If you mean a playboat kayak instead of a hard shell then for sure playboat. I've had two friends run the entire way in duckys and both made everything except Lava. You want to go left at lava in a ducky but never in a raft. We've run the right side at all levels and have made it everytime. The lowest, 6000cfs and the highest 17,500 cfs. My main rule at any level on the Grand is generaly go with the most water.


----------



## carvedog (May 11, 2005)

Otto said:


> If you mean a playboat kayak instead of a hard shell then for sure playboat. I've had two friends run the entire way in duckys and both made everything except Lava. You want to go left at lava in a ducky but never in a raft. We've run the right side at all levels and have made it everytime. The lowest, 6000cfs and the highest 17,500 cfs. My main rule at any level on the Grand is generaly go with the most water.


Why would you say that? Never go left that is. Presenting rapids as only having one solution could make someone predisposed to do the wrong line for the flow. 

When I was there I was with several multiple time GC guys and it was my first.
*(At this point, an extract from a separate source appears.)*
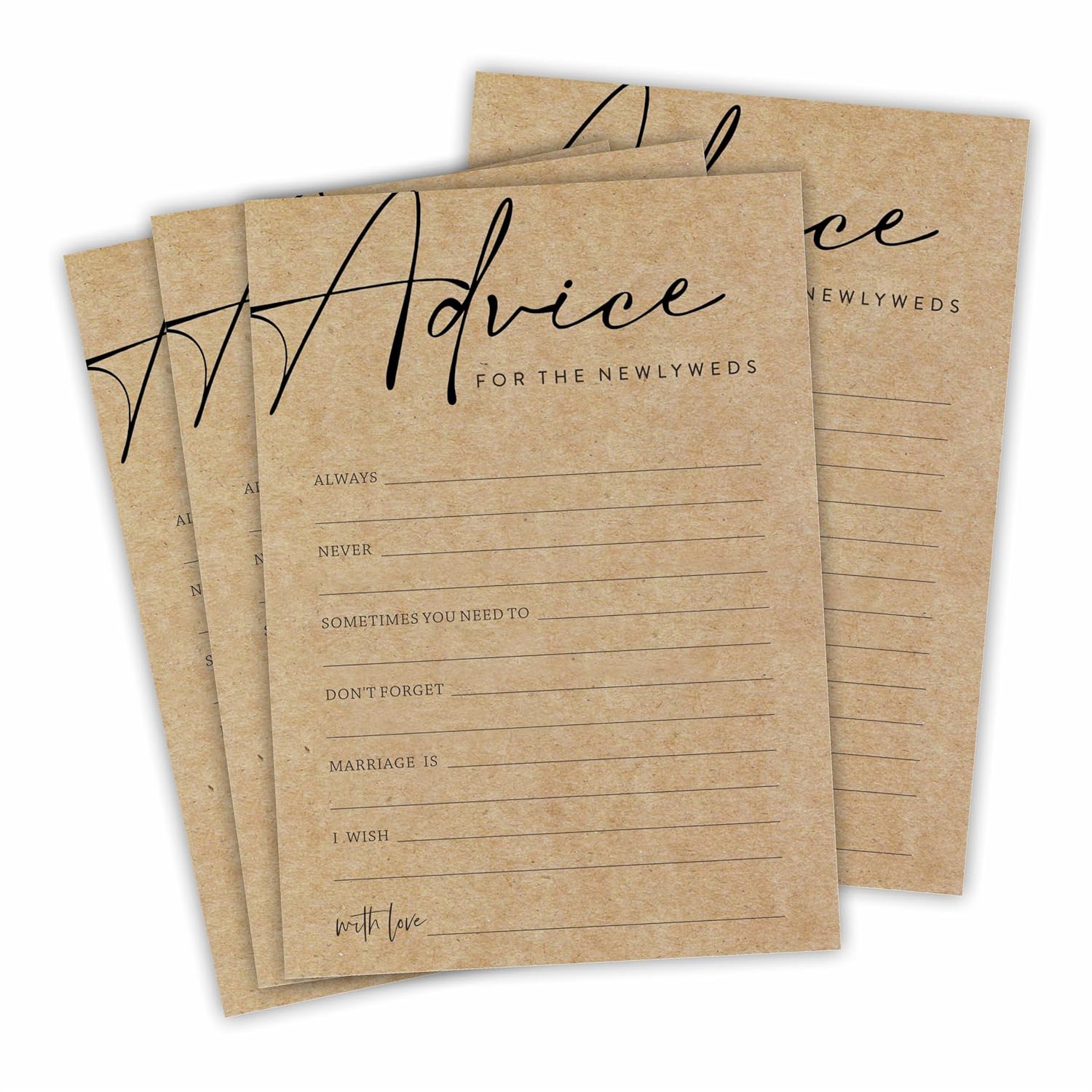 Kraft Paper Bridal Shower Game Set-Advice For The Newlyweds- Minimalism Wedding Game Cards,Newlyweds,Bachelorette Party, Engagement Party Games & Activities -30 Game Cards(A01)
Everyone scouted and scouted ( it was around 23k to 24k), I saw where I wanted to run ( on the left of the ledge hole) but kept my mouth shut as I was the first timer. 
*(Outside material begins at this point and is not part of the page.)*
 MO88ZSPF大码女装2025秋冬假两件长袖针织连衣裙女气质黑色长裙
After a 45 minute scout they decided we needed to scout from the left side too. Another 30 minutes of scouting.......finally I said stick a fork in it and turn it over it's done and I am running the left side. It was anti-climactic. 

The only one who had trouble waited until everyone else ran, dicked around for another 20 minutes and then the sun was in their eyes they lost their line and went right in the left side of the ledge hole. I have to say they had the most exciting run and didn't flip. Did everything but flip, but they didn't flip. 

There were some really nasty surging laterals around the cheese grater that were freaking everyone out. Seemed like occasionally the water would surge completely over the cheese grater. Could be remembering wrong, but no one wanted to be over there. 

Most rapids have many options depending on flow. I could see at lower flows that the entrance or top of the left side could start to close out.


----------



## Kyle K (Dec 17, 2008)

Sorry Otto, but have to agree with Carvedog regarding Lava: Over 20k and the left side starts to look much more inviting than the right. I've run it from less than 1000cfs (spring of '77) to over 80,000 (summer of "83) and pretty much everything in between over the years, er, decades. The higher the water, the meaner the right side gets. 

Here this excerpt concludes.